Two weeks ago I was in Colorado Springs, attending the Superstars Writing Seminar. This was my second time attending. I had been looking forward to this trip for a long time – last year’s seminar had been a revelation for me. Among other things, it convinced me to start this blog.
The only way I can describe the experience of attending of Superstars is it’s like your brain being lit on fire. Spending three days in the company of sixty people who all share my passion for writing is remarkably inspiring. Between talks covering every aspect of publishing you can imagine, I reconnected with old friends and made some new ones.

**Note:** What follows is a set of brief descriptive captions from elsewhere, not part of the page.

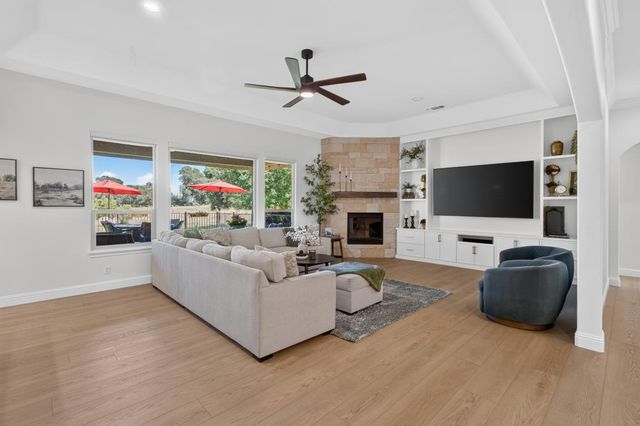 9401 Rawhide Ln, Roseville, CA 95747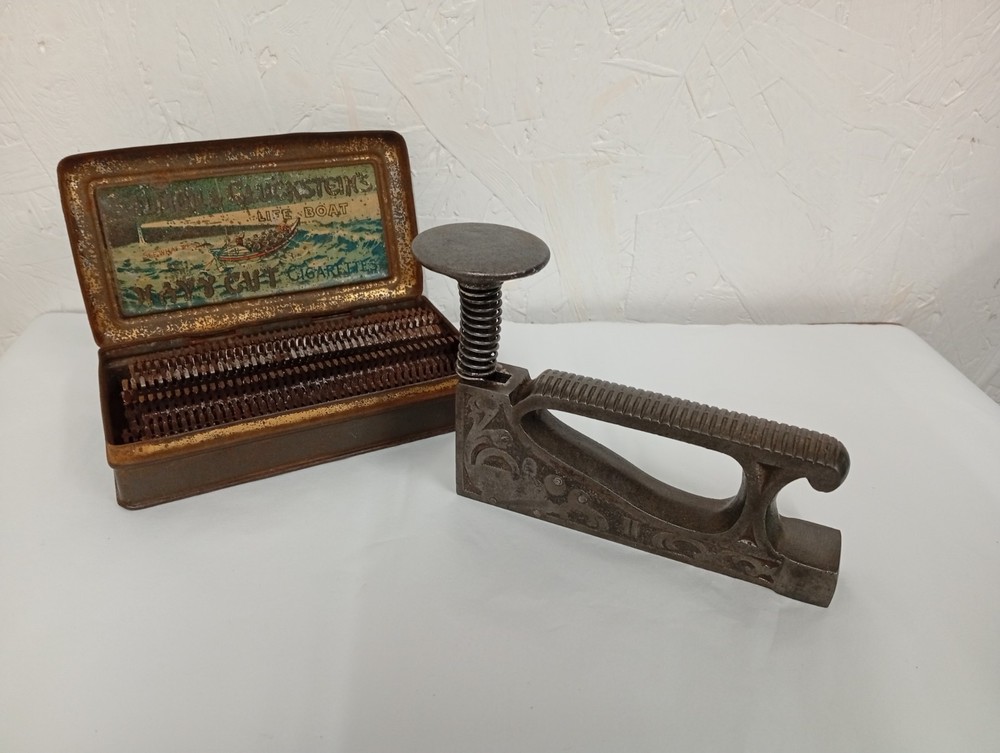 Vintage Machine Belt Stapler Staple Gun Tool Working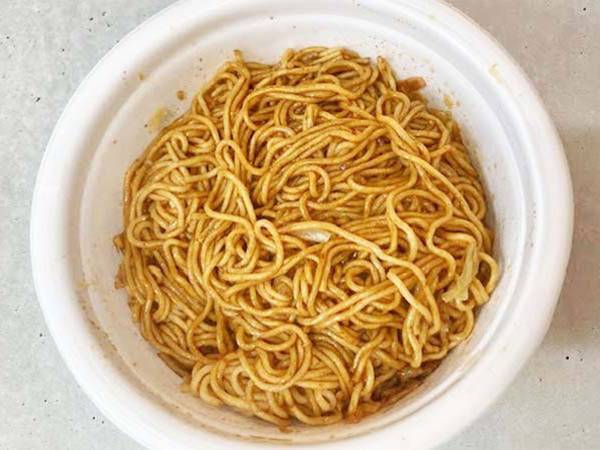 『焼そばU.F.O.』にのせたモノに「思わず笑った」「意外にもあり」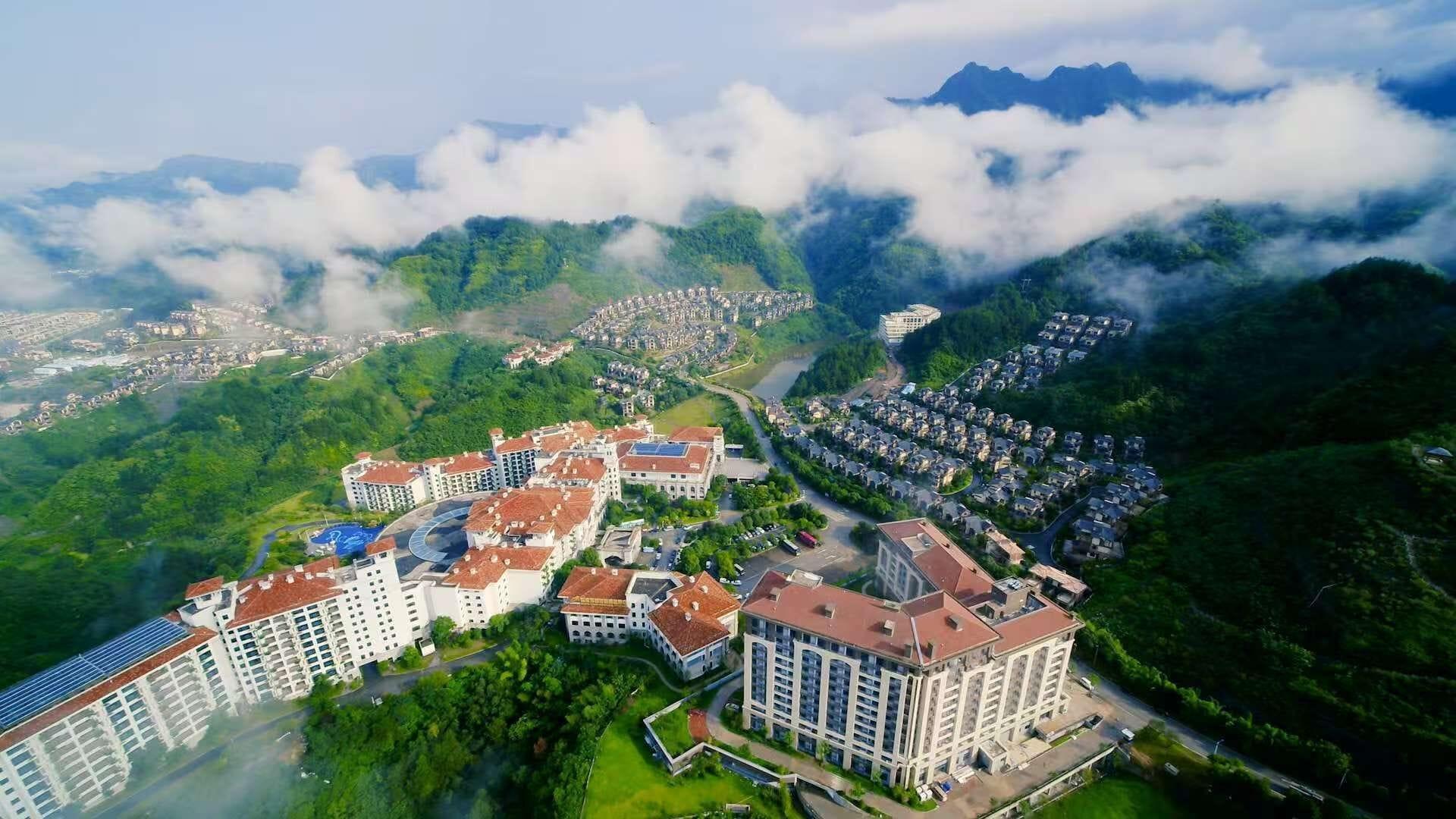 Vista Exterior Zhangjiajie Country Garden Phoenix Suites Hotel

The second evening of the seminar was the VIP dinner – an opportunity to spend a couple hours with one of the authors at a table with a few other attendees. Last year, I was at Brandon Sanderson’s table and was treated to a huge amount of information on publishing, editors, and a bunch of stuff that can’t be repeated in public 🙂
This year I ate with James Owen. James astounded me with his talk last year and it was just as good this year. He’s monumentally inspiring; his ability to eloquently describe his approach to things and how he’s overcome a lot of adversity is remarkable. At the end of the dinner he had us all sign a dollar bill and informed us that was good for a stay at the guest room in his personal workshop in Arizona, should we ever want to work in a project in a place designed to foster creativity. I know I’ll be taking him up on that offer as soon as I can.
Tracy Hickman, who wrote the famous Dragonlance novels in the 90s with Margeret Weis, was there, replacing David Farland who had to miss the seminar. Tracy was a remarkable speaker – his answer to the question ‘what writing means to him’ had the room in tears – but more importantly, he was an incredibly nice man. He offered to critique our novel pitches; I managed to stammer out mine and got some great feedback (better yet, he though I did a good job!).
I think the thing that stuck with me most was a quote from Tracy’s talk. “Why do we write?” He asked. “We write to inspire.” That really resonated with me, because it’s what I hope my writing will do, one day. I know other people’s writing has inspired me; to wonder and to dream, to learn and to read, to write; to be a better person. The heroes in stories might be imaginary but the lessons they teach are not.
If you’re someone who’s serious about writing and wants it to be a career someday, you should go to Superstars next year. They’ll be announcing the dates soon. I know I’ll be there.